### [TASK TO COMPLETE]
Return the whole listing exactly, omitting the pictures.

### [DATASET EXTRACT]

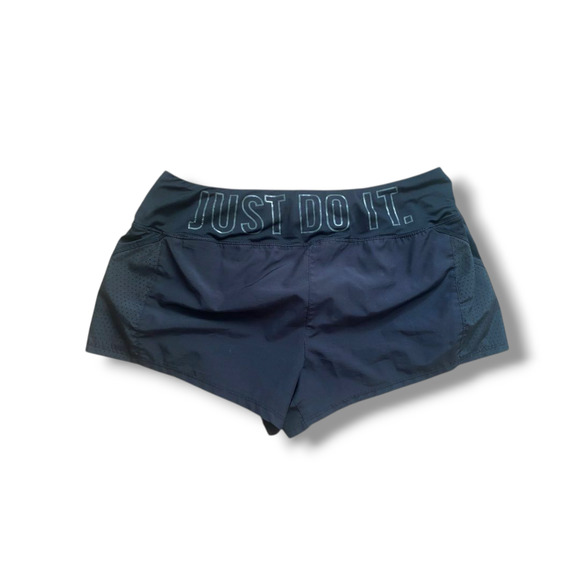 Nike Medium Low Rise 2.5 Dri-Fit Athletic Running Shorts Black - Picture 1 of 3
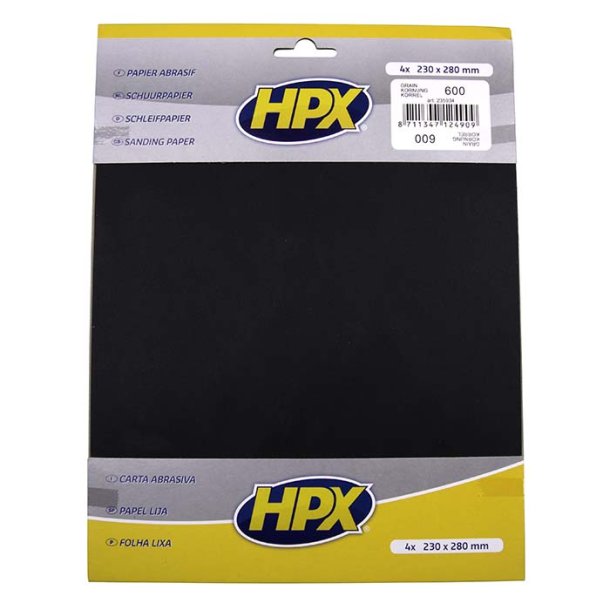 HPX sandpapir p600 - 4 stk.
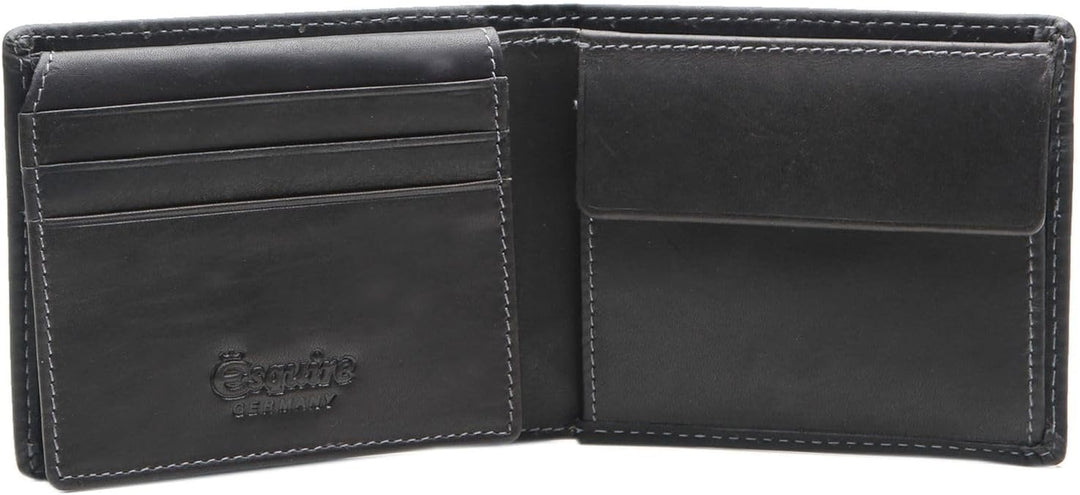 Esquire Dallas - Geldbörse 9cc 10.5 cm RFID Black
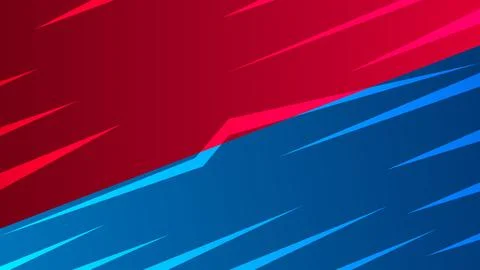 Abstract Red and Blue Background with Vibrant Streamlines Design Stock Illustration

### [TASK SOLUTION]
 Nike Medium Low Rise 2.5 Dri-Fit Athletic Running Shorts Black - Picture 1 of 3
 HPX sandpapir p600 - 4 stk.
 Esquire Dallas - Geldbörse 9cc 10.5 cm RFID Black
 Abstract Red and Blue Background with Vibrant Streamlines Design Stock Illustration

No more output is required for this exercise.